Begin the copy at the line containing "Turquoise Western Belt" in the data below and end it at the line containing "adding the text", keeping each line exact and leaving out pictures.

EXERCISE INPUTS ▸
- - - -

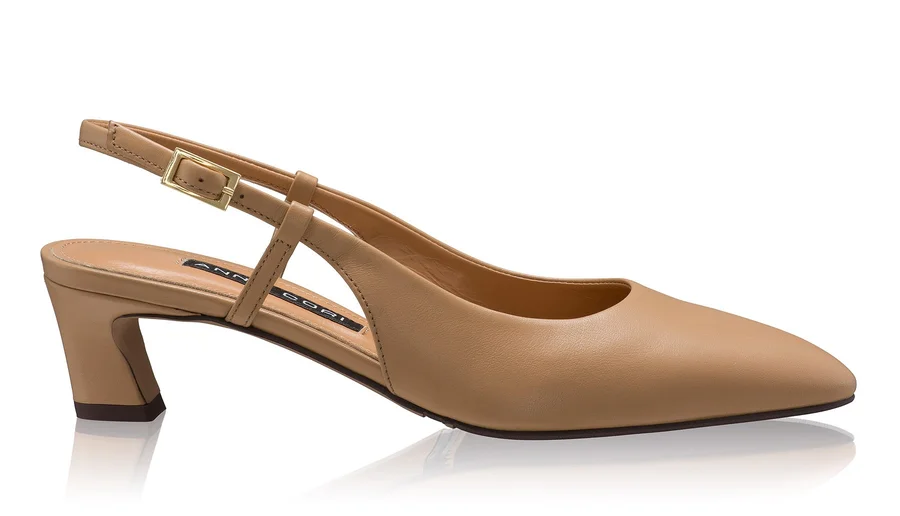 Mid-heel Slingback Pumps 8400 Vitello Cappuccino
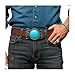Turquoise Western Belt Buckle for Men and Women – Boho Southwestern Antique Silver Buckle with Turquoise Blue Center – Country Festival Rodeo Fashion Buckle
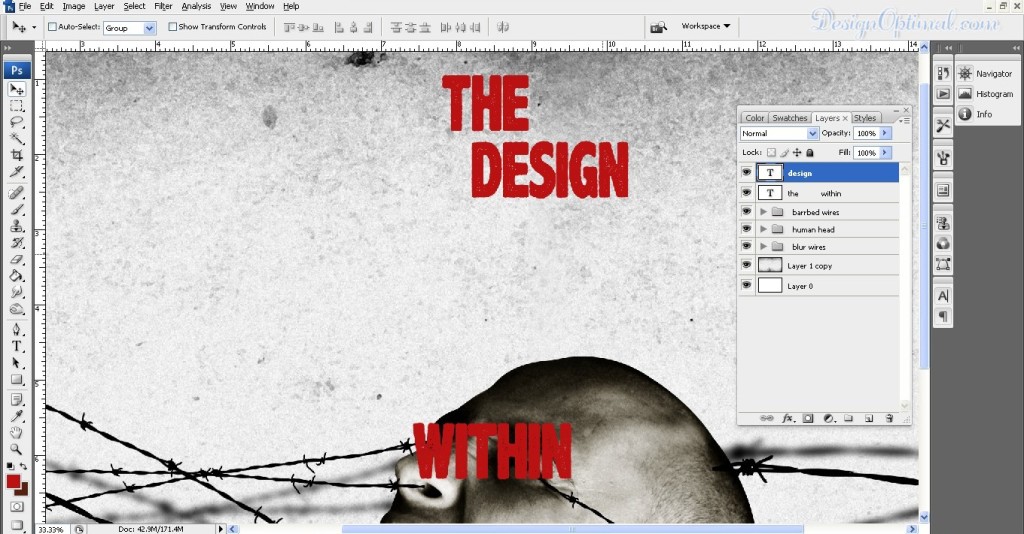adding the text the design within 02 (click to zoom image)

- - - -

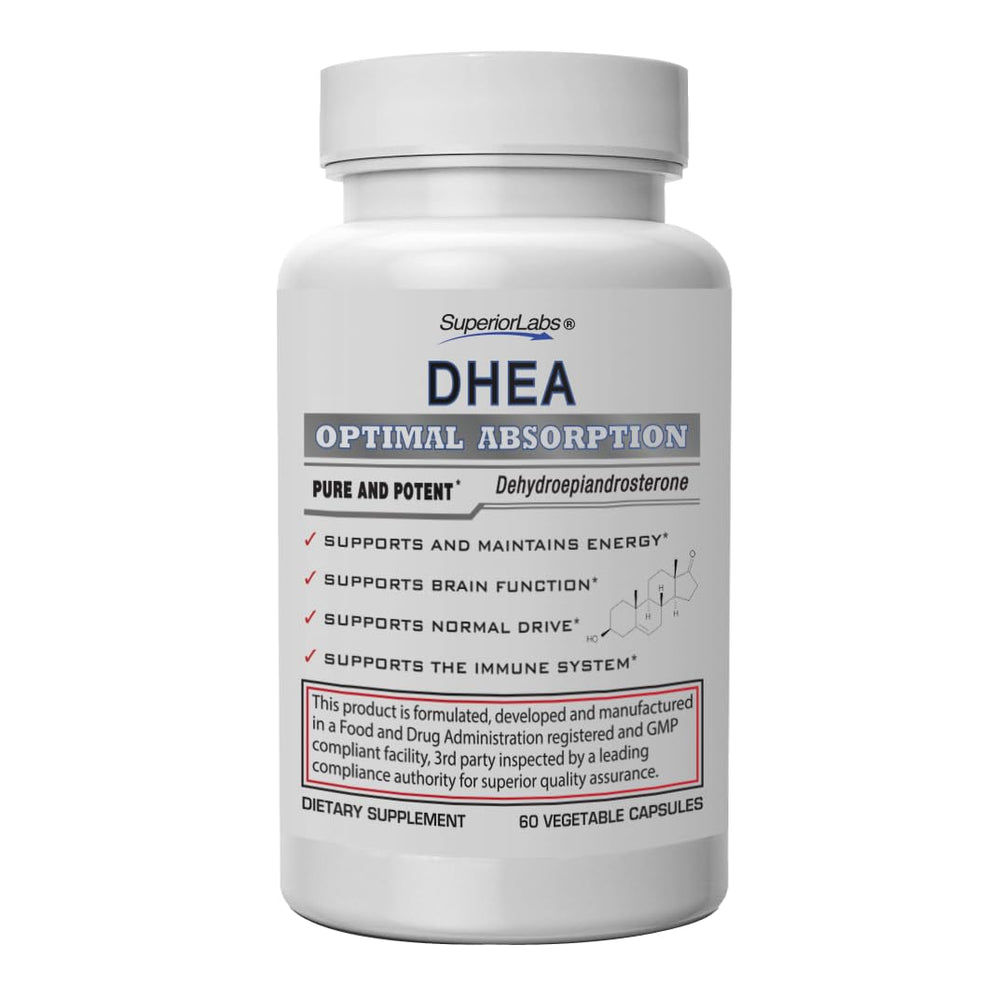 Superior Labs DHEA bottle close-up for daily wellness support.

- - - -

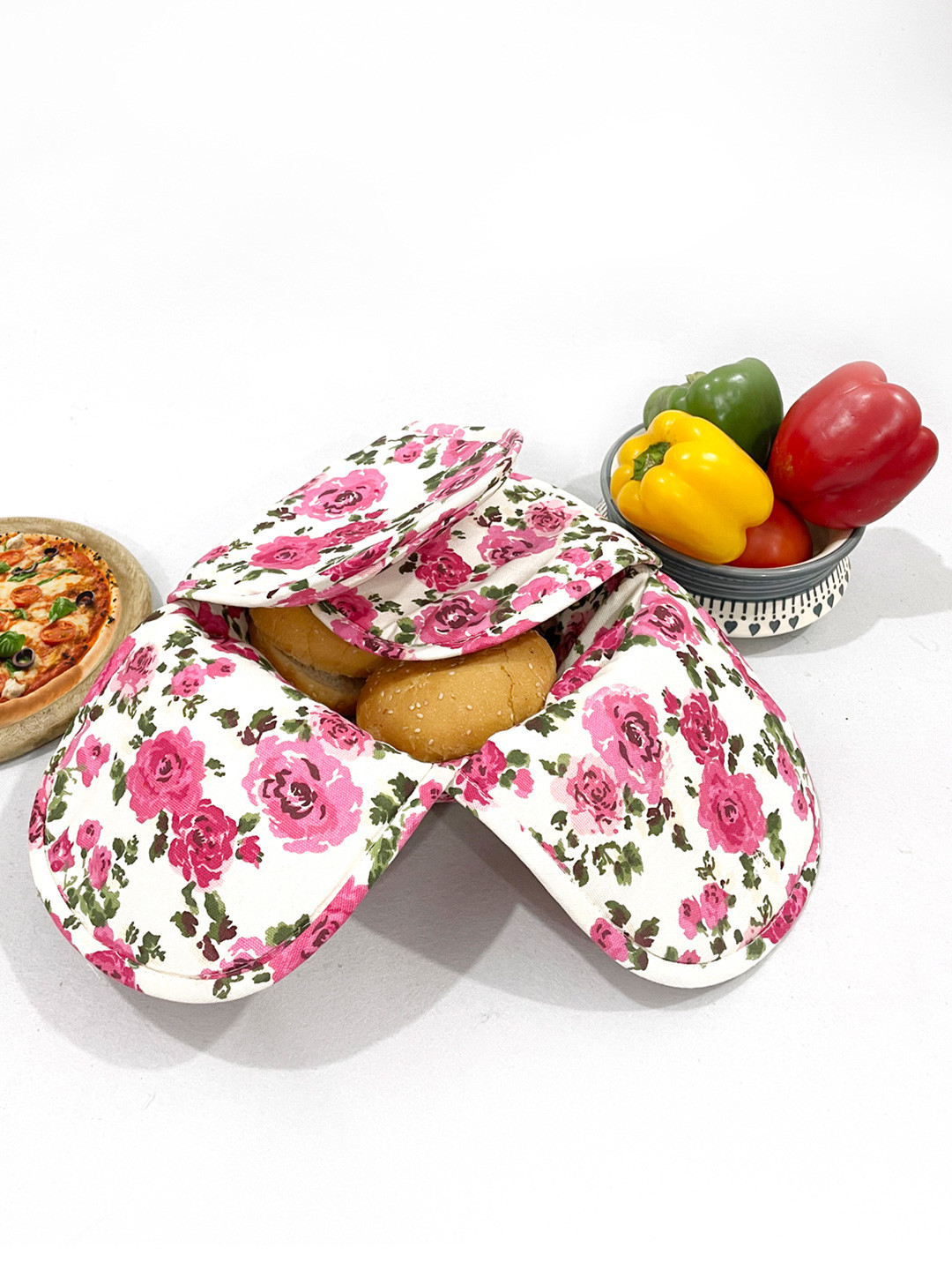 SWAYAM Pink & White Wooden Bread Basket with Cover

- - - -

OUTPUT FOR THIS TASK ▸
Turquoise Western Belt Buckle for Men and Women – Boho Southwestern Antique Silver Buckle with Turquoise Blue Center – Country Festival Rodeo Fashion Buckle
adding the text the design within 02 (click to zoom image)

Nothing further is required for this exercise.